American Homestead Ins. v. Denny, 238 Ark. 749, 384 S.W.2d 492 (1964)

Dec. 7, 1964 · Arkansas Supreme Court · 5-3379
238 Ark. 749, 384 S.W.2d 492

American Homestead Ins. Co. v. Denny.

5-3379

384 S. W. 2d 492

Opinion delivered December 7, 1964.

W. B. Brady, Spitzberg, Bonner, Mitchell & Hays, By: Beresford L. Church, Jr., for appellant.

McMath, Leatherman, Woods & Youngdahl, for appellee.

Carretón Harris, Chief Justice.

This litigation involves the construction of the language of the “air travel” clause in an insurance policy issued on the life of Ralph L. Denny. The policy is entirely an accident policy, and the company agrees to pay benefits up to $10,000.00 for loss of life or certain bodily injuries sustained by the insured. As to AIR TRAVEL, the company is liable for:

“Injury sustained in consequence of riding as a passenger, and not as an operator or crew member, in or on, boarding or slighting from, or being struck by any aircraft having a current and valid airworthiness certificate or any transport type aircraft operated by the *750Military Air Transport Service (MATS) of the United States or by the similar air transport service of any duly constituted governmental authority of any recognized country. ’ ’

While on temporary duty at Loose Bay Air Base, Labrador, Denny, an Airman Second Class in the United States Air Force, was struck and killed by a propellor of a KC-97L (Stratofreighter). Mrs. Pearl Denny, mother of Ralph, the beneficiary under the policy," made claim to the insurer, American Homestead Insurance Company, appellant herein. The company denied her claim on the ground that Denny was a crew member of the plane, and also on the ground that the plane was of a type excluded under the provisions of the policy.
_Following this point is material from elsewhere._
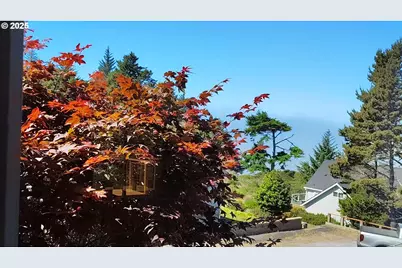 220 Flake St, Port Orford, OR 97465 - Photo 21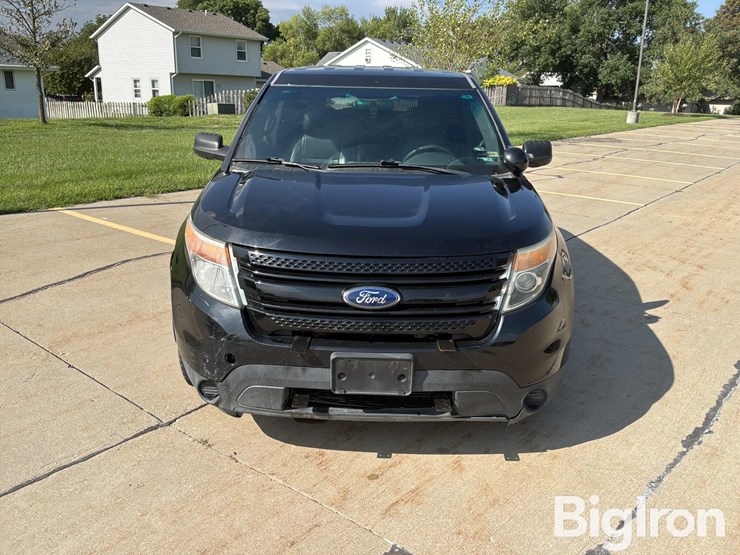 2015-ford-explorer-image-2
Suit was thereafter instituted, and the court, sitting as a jury, found for Mrs. Denny, holding that “Airman Ralph Denny was not a crew member of the particular plane that caused his death. Denny was not struck by an ‘aircraft having a current and valid airworthiness certificate or any transport type aircraft operated by the Military Air Transport Service (MATS) of the United States,’ but that he was fatally injured when struck by an aircraft operated ‘by the similar air transport service of any duly constituted governmental authority of any recognized country. ’ ’ ’ The judgment was thereupon entered in the principal amount of $10,000.00, together with the sum of $1,200.00 as penalty, and attorneys fees in the amount of $1,000.00. From such judgment appellant has appealed.

For reversal, appellant asserts that Denny was not covered under the policy because (1) he was a crew member of the aircraft which caused his death, and (2) Denny was struck by an aircraft of a type excluded from coverage under the policy.
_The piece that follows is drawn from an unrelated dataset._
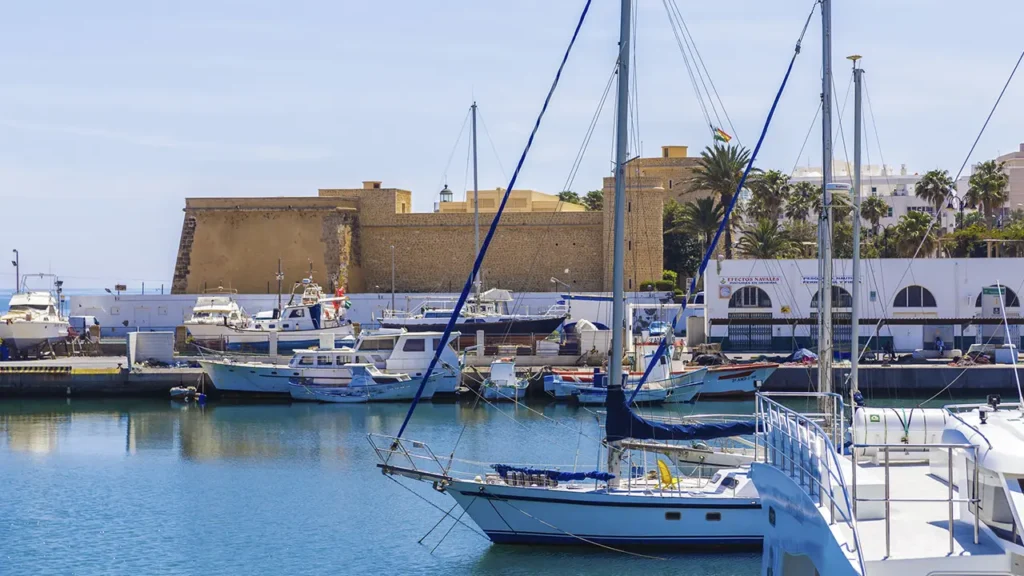 Un día completo en el Puerto de Roquetas de Mar: mar, sabor y adrenalina.Un día completo en el Puerto de Roquetas de Mar: mar, sabor y adrenalina.Un día completo en el Puerto de Roquetas de Mar: mar, sabor y adrenalina.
Inasmuch as ive think appellant must prevail under the second contention, we see no necessity to discuss the question of whether he was a crew member of the aircraft which caused his death.
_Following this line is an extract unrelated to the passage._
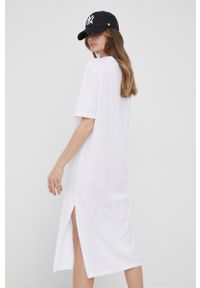 Armani Exchange sukienka 8NYAHX.YJ8XZ.NOS kolor biały midi prosta. Okazja: na co dzień. Kolor: biały. Długość rękawa: krótki rękaw. Wzór: nadruk. Typ sukienki: proste. Styl: casual. Długość: midi #3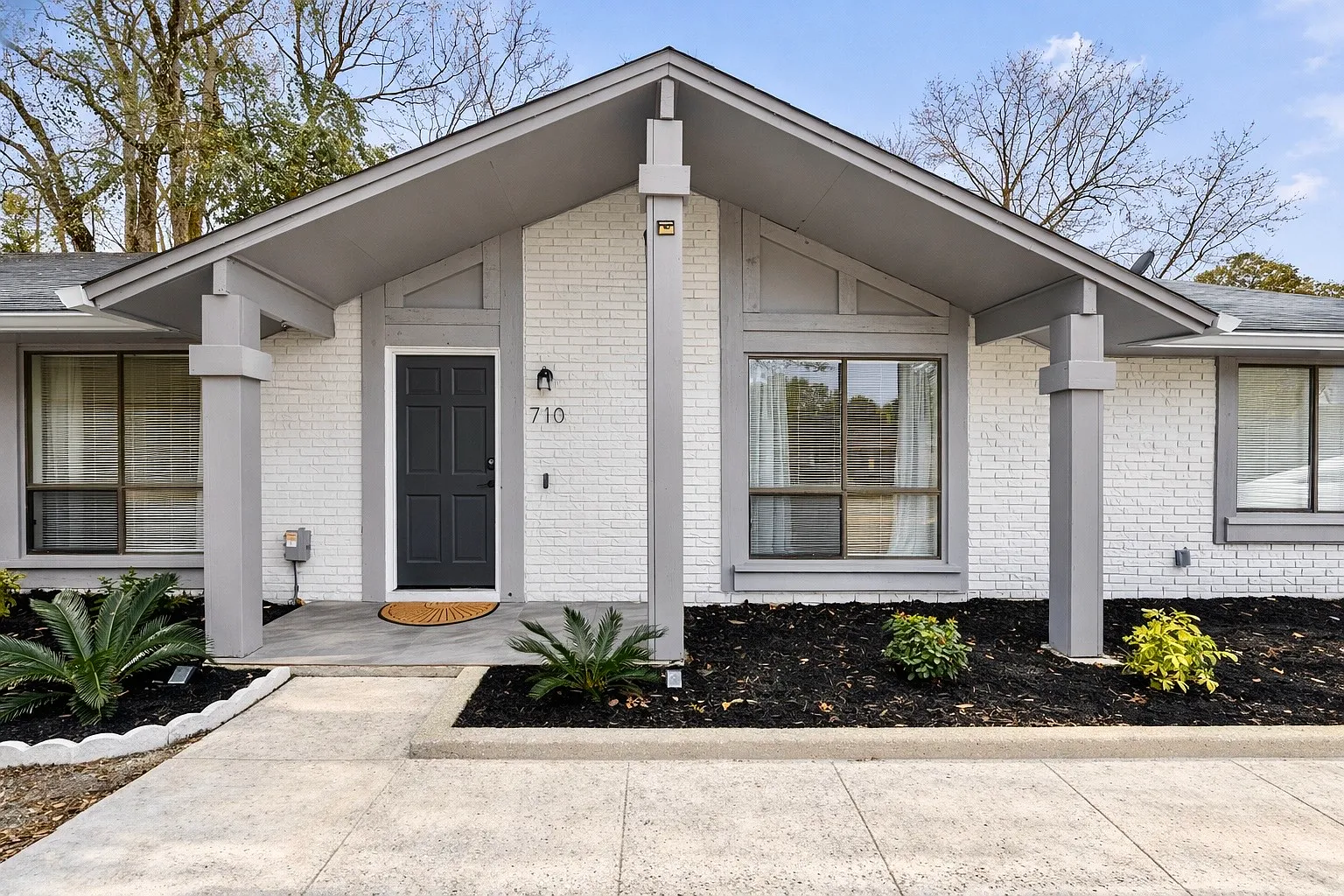 4 bed, 1769 sqft, $2,400 — Photo 1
*751Let it first be said that it is agreed that the term, “airworthiness certificate” has no application to the facts in this case, since this certificate is only issued to civil aircraft. Likewise, it is admitted by appellee that the KC-97G plane is not a MATS aircraft (and, in fact, the court so found).1

At the outset, it might be well to discuss some of the functions of MATS (Military Air Transport Service). Air Force regulations relate that the overall mission of this branch of the Air Force “is to maintain in a constant state of readiness, the military airlift system necessary to perform all airlift tasks under emergency conditions assigned by the Joint Chiefs of Staff in approved war plans and appropriate JCS and Air Force guidance documents. MATS will supervise and operate the Air Weather Service, the Air Photographic and Charting Service, the Air Rescue Service, a domestic aeromedical evacuation system, and the 1254th Air Transport Wing, Special Missions.” Additional functions mentioned, and covering several pages, include individual air transport service for the President of the United States and other government officials and foreign dignitaries, and maintaining liaison with the civil air industry. There are numerous other functions performed by MATS, which, however, are not pertinent to this litigation.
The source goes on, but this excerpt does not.